[Records from a collection]
= = =

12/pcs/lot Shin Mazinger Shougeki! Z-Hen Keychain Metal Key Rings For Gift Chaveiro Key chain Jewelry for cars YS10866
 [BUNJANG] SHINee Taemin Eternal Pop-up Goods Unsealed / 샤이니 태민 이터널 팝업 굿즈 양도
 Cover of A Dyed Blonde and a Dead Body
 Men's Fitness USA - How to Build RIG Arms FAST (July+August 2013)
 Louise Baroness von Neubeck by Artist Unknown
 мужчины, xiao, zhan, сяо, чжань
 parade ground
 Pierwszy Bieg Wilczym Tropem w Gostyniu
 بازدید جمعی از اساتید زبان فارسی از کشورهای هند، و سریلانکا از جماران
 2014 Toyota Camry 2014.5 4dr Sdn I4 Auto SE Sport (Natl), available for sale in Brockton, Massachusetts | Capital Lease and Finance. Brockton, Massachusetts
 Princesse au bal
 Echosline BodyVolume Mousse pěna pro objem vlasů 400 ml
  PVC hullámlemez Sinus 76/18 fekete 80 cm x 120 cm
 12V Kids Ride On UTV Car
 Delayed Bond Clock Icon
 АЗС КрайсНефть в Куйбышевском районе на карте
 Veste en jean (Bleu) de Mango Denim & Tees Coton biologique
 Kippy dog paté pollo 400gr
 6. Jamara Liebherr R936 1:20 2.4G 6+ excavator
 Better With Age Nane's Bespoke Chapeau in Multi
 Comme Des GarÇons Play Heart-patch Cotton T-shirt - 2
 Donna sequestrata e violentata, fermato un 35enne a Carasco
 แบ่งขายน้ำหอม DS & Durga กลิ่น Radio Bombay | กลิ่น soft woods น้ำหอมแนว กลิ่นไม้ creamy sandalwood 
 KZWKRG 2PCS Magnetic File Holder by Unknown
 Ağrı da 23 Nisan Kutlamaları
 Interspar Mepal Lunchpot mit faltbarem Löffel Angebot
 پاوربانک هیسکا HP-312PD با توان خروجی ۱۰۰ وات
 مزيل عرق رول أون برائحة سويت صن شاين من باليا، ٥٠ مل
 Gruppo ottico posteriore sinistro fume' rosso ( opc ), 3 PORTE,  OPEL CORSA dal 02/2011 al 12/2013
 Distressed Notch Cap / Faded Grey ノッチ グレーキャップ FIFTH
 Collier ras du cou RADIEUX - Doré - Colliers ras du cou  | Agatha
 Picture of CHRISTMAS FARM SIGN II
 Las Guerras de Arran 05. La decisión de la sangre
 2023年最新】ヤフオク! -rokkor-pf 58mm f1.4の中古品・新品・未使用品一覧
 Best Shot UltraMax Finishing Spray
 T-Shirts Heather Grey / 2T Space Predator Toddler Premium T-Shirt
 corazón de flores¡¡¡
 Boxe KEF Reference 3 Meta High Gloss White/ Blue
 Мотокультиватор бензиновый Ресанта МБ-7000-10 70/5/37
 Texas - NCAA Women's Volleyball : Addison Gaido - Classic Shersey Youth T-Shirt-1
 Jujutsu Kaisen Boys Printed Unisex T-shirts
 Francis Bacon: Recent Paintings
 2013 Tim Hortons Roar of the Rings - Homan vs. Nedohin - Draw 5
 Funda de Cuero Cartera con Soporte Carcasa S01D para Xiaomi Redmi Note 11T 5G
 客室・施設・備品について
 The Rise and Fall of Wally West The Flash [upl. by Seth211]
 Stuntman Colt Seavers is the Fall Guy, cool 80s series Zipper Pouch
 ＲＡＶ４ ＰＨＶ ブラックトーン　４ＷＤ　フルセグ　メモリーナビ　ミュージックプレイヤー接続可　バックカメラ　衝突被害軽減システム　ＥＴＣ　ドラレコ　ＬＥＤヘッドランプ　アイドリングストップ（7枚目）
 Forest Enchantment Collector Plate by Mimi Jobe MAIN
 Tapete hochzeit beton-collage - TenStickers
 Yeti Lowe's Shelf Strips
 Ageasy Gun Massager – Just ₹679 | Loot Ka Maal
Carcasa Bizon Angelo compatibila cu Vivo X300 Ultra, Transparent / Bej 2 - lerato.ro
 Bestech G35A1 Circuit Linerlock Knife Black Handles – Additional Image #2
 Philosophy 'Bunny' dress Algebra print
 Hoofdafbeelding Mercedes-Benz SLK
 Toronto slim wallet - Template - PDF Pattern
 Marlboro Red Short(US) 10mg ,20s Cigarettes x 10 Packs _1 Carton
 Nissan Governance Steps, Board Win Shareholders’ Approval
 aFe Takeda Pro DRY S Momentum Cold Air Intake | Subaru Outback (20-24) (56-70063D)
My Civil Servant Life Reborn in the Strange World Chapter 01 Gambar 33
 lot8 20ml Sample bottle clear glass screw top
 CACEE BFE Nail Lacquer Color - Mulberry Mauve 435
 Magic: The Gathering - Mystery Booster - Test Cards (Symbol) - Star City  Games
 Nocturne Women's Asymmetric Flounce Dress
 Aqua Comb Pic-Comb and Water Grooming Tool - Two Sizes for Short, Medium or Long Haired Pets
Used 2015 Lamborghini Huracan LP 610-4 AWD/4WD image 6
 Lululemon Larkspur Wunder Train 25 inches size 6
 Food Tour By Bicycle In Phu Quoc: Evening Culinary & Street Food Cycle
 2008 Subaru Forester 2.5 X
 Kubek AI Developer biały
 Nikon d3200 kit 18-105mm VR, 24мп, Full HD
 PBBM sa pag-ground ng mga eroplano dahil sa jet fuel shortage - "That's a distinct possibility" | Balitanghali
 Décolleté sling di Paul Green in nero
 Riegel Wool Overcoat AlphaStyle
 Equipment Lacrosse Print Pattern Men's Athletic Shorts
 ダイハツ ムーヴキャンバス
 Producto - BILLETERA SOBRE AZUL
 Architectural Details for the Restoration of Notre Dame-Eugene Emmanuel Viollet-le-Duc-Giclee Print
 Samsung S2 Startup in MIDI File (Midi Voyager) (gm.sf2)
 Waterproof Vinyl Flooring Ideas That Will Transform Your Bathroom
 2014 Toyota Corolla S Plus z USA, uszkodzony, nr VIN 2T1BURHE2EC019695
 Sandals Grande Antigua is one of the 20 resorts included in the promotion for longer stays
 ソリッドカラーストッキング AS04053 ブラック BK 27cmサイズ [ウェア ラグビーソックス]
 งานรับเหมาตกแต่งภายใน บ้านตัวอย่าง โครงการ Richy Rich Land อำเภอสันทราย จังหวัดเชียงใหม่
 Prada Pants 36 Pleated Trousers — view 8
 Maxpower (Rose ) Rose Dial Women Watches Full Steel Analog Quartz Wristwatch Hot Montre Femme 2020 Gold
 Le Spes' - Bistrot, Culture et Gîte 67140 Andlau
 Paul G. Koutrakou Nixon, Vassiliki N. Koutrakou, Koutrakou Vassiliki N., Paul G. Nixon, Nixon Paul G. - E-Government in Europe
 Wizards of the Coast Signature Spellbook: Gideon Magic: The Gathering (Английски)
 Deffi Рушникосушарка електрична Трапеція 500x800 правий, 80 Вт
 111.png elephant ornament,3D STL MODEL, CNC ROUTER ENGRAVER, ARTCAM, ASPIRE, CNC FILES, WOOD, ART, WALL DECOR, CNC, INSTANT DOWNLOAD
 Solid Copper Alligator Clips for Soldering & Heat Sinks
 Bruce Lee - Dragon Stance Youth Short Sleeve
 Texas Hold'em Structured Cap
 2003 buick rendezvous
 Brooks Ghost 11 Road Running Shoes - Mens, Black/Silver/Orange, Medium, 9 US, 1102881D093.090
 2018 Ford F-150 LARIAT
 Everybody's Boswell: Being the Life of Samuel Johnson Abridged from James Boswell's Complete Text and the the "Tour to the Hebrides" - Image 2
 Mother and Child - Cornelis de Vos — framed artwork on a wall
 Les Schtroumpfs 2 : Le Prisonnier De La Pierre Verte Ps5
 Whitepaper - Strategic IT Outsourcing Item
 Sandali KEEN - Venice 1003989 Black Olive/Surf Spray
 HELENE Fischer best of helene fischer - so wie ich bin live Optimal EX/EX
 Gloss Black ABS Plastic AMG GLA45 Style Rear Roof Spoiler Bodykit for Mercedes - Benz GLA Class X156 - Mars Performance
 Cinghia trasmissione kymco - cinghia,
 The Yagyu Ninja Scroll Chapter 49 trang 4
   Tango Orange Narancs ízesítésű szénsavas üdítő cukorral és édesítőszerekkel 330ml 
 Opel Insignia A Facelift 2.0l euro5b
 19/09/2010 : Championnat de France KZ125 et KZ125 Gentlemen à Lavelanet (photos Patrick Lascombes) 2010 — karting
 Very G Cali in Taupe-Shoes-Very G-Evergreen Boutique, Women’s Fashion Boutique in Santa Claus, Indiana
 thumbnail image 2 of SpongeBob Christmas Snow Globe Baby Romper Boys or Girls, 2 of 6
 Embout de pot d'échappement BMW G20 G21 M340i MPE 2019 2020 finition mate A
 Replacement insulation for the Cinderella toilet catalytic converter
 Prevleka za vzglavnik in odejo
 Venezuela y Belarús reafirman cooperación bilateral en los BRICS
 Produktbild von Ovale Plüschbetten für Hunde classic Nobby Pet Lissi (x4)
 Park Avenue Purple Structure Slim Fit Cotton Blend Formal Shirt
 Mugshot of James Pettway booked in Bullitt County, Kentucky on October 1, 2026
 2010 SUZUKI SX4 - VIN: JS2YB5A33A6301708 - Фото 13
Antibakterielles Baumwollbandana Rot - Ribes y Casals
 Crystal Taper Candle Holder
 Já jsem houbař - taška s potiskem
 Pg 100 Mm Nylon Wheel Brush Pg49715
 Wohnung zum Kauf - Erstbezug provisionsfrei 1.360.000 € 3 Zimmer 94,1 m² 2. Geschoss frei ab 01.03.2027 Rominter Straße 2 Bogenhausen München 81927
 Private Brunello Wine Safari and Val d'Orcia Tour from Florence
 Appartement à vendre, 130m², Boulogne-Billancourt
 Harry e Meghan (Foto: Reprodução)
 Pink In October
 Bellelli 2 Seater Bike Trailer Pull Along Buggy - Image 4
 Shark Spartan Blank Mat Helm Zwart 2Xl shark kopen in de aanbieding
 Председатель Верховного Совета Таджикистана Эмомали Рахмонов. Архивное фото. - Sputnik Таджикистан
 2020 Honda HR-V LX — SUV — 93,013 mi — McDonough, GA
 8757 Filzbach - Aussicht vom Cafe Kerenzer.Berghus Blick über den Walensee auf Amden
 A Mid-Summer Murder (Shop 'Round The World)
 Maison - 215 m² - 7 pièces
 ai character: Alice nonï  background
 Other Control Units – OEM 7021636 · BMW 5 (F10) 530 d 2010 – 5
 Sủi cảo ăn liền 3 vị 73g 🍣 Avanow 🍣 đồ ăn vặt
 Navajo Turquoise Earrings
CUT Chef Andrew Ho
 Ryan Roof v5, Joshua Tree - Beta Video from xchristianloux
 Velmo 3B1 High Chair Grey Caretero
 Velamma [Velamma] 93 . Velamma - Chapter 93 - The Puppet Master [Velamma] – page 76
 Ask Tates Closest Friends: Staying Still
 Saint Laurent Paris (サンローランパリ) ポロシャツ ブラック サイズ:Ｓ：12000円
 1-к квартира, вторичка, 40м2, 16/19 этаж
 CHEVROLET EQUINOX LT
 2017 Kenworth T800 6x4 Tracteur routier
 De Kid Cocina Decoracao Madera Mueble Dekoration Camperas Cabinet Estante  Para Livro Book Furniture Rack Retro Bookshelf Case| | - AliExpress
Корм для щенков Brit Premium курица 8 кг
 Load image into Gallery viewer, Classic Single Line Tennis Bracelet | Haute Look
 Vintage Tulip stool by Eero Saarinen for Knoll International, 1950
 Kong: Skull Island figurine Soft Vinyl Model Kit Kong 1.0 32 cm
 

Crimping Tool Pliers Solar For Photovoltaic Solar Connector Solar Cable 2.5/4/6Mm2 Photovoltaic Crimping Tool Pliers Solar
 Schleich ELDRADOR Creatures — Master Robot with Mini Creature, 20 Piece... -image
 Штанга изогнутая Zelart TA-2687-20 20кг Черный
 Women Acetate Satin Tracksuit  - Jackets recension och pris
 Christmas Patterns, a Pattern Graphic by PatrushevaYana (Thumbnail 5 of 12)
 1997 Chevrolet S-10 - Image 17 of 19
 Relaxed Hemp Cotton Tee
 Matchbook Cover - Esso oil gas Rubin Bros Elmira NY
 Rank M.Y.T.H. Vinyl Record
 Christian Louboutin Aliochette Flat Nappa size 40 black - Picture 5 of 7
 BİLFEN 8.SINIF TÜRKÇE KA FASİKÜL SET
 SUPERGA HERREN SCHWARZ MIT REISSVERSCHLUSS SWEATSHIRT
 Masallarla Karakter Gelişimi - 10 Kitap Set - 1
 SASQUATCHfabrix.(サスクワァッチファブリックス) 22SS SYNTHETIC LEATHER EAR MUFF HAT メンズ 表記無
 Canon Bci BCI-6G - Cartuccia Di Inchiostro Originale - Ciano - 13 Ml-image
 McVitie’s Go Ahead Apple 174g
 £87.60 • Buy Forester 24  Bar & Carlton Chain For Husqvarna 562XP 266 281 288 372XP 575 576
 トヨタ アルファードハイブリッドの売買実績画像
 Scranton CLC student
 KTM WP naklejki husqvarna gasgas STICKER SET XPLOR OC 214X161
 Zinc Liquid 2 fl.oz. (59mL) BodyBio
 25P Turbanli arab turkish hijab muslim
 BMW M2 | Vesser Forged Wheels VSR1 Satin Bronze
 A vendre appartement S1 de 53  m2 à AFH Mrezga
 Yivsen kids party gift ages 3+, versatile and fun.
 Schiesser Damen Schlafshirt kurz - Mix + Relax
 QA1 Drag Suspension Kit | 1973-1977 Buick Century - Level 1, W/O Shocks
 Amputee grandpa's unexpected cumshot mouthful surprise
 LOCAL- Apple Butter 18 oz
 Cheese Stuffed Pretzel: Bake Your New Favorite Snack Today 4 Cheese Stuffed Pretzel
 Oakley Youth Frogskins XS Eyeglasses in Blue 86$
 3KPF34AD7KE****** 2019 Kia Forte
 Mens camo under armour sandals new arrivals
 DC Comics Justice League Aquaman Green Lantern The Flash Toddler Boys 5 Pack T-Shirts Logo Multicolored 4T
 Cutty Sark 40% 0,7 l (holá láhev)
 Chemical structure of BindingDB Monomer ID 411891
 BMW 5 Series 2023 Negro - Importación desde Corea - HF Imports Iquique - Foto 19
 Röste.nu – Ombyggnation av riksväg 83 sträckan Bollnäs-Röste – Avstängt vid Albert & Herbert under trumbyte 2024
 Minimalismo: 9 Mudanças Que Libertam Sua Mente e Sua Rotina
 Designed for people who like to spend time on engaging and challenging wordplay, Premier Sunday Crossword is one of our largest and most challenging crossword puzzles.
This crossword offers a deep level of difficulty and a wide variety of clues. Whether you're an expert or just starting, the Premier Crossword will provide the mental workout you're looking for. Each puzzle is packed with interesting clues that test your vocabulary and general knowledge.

= = =

## Exercise brief
Go through the data above and copy each line that holds the word "Crossword".

## Final answer
 Designed for people who like to spend time on engaging and challenging wordplay, Premier Sunday Crossword is one of our largest and most challenging crossword puzzles.
This crossword offers a deep level of difficulty and a wide variety of clues. Whether you're an expert or just starting, the Premier Crossword will provide the mental workout you're looking for. Each puzzle is packed with interesting clues that test your vocabulary and general knowledge.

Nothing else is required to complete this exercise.